Pic #1 - That does appear to be the relief valve. As Whirly suggested, it is usually on the same end as the levers, but some are on the back end as that is, and on a rare occasion, can also be found on top of the valve body.
Pic #2 - Hoo boy! Leave well enough alone for now. Accept the fact that 225-250 lb is the lifting capability. More on this later.

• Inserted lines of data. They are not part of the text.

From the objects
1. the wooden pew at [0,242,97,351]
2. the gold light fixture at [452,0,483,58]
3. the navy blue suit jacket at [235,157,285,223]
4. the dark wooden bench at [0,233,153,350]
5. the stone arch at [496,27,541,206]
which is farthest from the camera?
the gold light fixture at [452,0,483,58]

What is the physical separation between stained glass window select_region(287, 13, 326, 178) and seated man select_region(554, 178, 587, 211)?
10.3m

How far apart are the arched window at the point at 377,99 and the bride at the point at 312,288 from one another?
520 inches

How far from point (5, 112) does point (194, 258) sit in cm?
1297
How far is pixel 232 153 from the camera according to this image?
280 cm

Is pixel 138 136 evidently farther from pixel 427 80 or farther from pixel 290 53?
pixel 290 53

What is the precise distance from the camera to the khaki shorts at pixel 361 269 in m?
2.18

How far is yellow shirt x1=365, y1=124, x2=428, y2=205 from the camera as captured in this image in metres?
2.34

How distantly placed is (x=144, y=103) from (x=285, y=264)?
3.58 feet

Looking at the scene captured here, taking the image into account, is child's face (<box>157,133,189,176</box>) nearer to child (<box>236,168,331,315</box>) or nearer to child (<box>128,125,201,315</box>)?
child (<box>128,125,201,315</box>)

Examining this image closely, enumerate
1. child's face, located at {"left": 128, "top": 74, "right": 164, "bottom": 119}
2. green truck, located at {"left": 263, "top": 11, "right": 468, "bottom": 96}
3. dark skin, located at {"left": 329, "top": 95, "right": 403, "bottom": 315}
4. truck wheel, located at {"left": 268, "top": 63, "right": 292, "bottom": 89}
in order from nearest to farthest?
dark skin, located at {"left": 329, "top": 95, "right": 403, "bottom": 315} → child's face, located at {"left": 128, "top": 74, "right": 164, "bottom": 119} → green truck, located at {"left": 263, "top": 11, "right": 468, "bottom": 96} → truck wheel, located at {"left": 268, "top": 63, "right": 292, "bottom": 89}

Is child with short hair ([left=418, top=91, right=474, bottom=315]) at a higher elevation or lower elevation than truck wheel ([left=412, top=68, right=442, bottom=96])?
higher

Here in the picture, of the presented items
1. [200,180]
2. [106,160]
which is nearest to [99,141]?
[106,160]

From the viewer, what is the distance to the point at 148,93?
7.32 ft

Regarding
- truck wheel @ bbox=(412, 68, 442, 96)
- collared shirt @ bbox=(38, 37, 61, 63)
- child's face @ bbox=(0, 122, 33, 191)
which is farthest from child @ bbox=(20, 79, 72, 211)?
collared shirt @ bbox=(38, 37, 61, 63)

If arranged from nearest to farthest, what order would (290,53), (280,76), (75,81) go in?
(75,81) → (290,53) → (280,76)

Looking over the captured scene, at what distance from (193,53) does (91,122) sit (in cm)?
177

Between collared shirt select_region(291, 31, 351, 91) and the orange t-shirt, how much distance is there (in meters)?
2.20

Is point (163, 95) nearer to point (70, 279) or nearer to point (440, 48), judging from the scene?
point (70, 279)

Pic #3 - I agree with Whirly.
Pic #4 - Yes, it will work, BUT, turning the tractor to the right is likely to rub the tire on the pump. Clearances need to be determined at extreme right turn angle with the front axle fully tilted both left and right. Again, as Whirly suggests, a stronger pump mount would be a wise investment. Unlike Whirly's pump which has to handle a maximum of about 4 hp, and the one on my GT that has to handle about 6 hp, you're pump will only need to handle about 2 hp. None of the pumps need to handle their respective maximum power for more than a very few seconds at a time.
While a 5000 psi gauge is handy to have for checking pressures in an unknown hydraulic system, you won't find that pressure on any GT. The pump will break before the pressure gets that high. The 3500 psi gauge at PAL is more than adequate for this purpose, and once the system is dialed in, a gauge slightly less than double the relief pressure is ideal.

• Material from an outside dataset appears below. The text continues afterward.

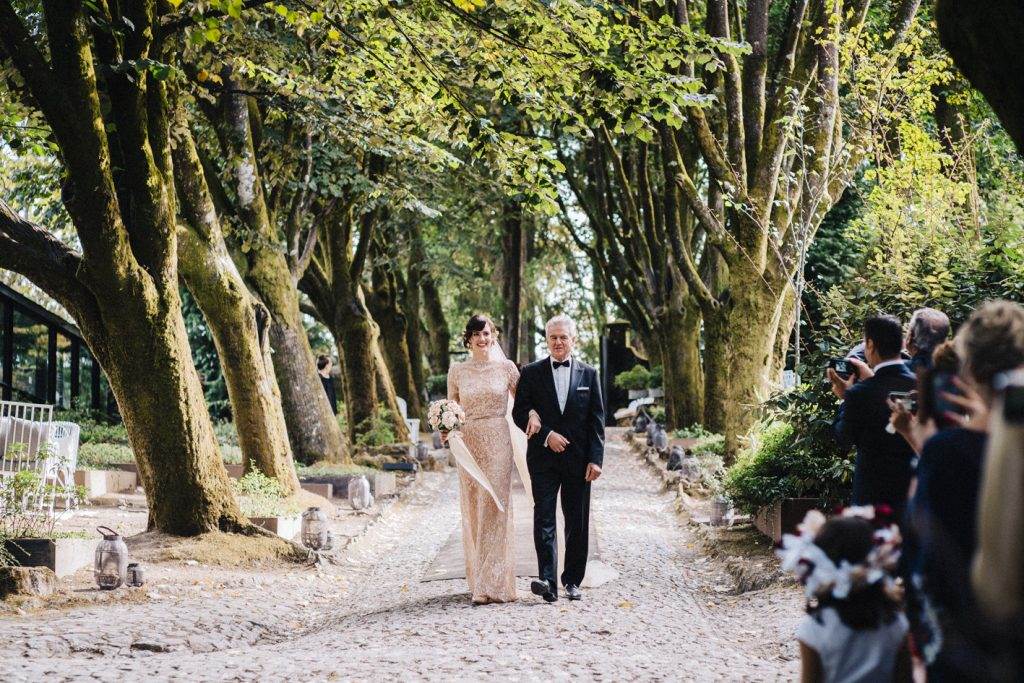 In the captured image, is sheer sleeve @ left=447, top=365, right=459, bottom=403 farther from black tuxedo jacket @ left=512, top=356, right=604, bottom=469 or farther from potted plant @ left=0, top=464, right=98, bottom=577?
potted plant @ left=0, top=464, right=98, bottom=577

Back to the arms . . . and lift cylinders. The lift cylinders are 1" diameter X 10" stroke? At 1000 psi, that's a lifting force of 785 lb each. They are working on the wrong end of about a 6.5:1 lever ratio for an effective lifting force of about 120 lb each at the center of the bucket, or 240 lb payload. The geometry of the set up will further reduce that payload, as will the weight of the arms and bucket to some extent.
As Whirly stated, the arms should be 2x2 structural tubing, not for lifting strength, but for lateral strength. A side load on the bucket either from hitting something while turning, or turning the tractor with the bucket engaged with the ground, will put a substantial side load on the arms that 1" of metal is not going tolerate for too many repetitions. With the 4' lever from the post to the bucket, you would be able to bend the arms by pushing the bucket sideways with your hands if it wasn't for the crossmember supporting the bucket curl cylinder.

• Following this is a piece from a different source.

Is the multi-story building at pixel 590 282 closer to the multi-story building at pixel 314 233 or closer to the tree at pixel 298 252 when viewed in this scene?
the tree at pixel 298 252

Reinforcing the arms with angle between A and B is not going to help at all for lateral loads, and is unnecessary for vertical loads. There are lots of manufactured loaders with 2x2 arms that have lift capacities of 400-500 lb with longer arms.
This brings us to the wall thickness of tubing where Whirly and I are in some disagreement. A wall thickness of 1/8" is common for all GT loaders. With the loads usually involved, that is adequate due to the length of the arms and the bending that will result. Heavier wall tubing will support more load before taking a permanent bend, but it will still bend. Arms made with 2x4x1/8" tube will support more weight than arms made with 2x2x1/4" tube, and will be 25% lighter. That lighter weight translates into a few more pounds of payload when needed, and less load in the front axle when it is not.
As Whirly also suggests, diagonal bracing from near the top of the posts down to the front of the tractor frame should be in place. While the torque load at the bottom of the posts with a capacity payload is relatively light in this case (about 500 ft-lb per post), improving the payload capability will increase that torque load to the point of failure for the tractor frame or the cross member supporting the posts. Without the diagonal bracing on my GT's loader, the torque load is about 650 ft-lb per post with no payload. Without the proper support structure, a capacity payload would be a real bad idea. And guess what . . . there are many Sears tractors similar to yours out there with the same basic loader as on my GT! They just don't have the same support structure.
Whirly also has a good point about the upset loads on the cylinder pins because they have only one end supported, especially if payload capacity is increased.
As with everything, gauges come in different qualities, usually with a price tag that reflects that fact. PAL's gauges are adequate for our purposes, and you aren't likely to find a better price than $11.23 anywhere. I paid $15.99 for a 2000 psi gauge on sale at PAL last December.